Some players don't return because the game didn't grip them (engagement), but some don't return because they hit a crash, bug, or bad experience (fixable). Check which: capture what players hit and compare returners to non-returners, if non-returners disproportionately hit crashes or bugs, technical issues are part of the problem.

Bugnet captures crashes from the field, so you can see whether players who don't return disproportionately hit crashes or bugs. If non-returners hit more technical issues than returners, those issues are driving non-return, an avoidable, fixable cause, distinct from engagement factors, that the captured data reveals.

Fix the High-Impact Issues Driving Players Away

Fix the technical reasons players don't return: rank crashes and bugs by how many players each affects, fix the high-impact ones, especially those hitting players early or causing progress loss, the experiences that make players not want to come back. Removing them keeps players who'd otherwise be driven off.

Bugnet ranks issues by affected players, so you fix the high-impact crashes and bugs most responsible for players not returning. Removing these, especially early crashes and progress loss that sour players on the game, eliminates the avoidable technical reasons players don't come back, retaining players the issues would otherwise drive away.

Give Players Reasons to Return

Beyond fixing issues, give players reasons to come back: a working, improving game with new content and visible progress (changelog, roadmap). A game that runs well and keeps getting better earns return visits, while one that frustrated them or stays static doesn't.

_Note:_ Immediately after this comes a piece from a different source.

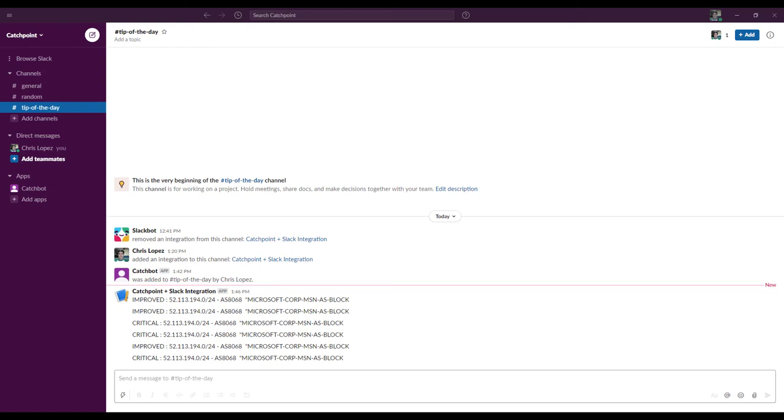Also, the entire process only took me about 10 minutes, starting from when I created a brand new Slack account.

Bugnet's changelog and roadmap let you show players the game is improving and what's coming, giving them reasons to return. Combined with fixing the issues that drove them away, showing visible improvement (fixes and plans) gives players reasons to come back to a game that both works well now and is getting better, supporting return rate.

When players stop coming back, check whether technical issues are part of why (compare returners to non-returners), fix the high-impact crashes and bugs driving them away (especially early ones), and give players reasons to return with a working, improving game. Non-return is partly engagement and partly fixable friction.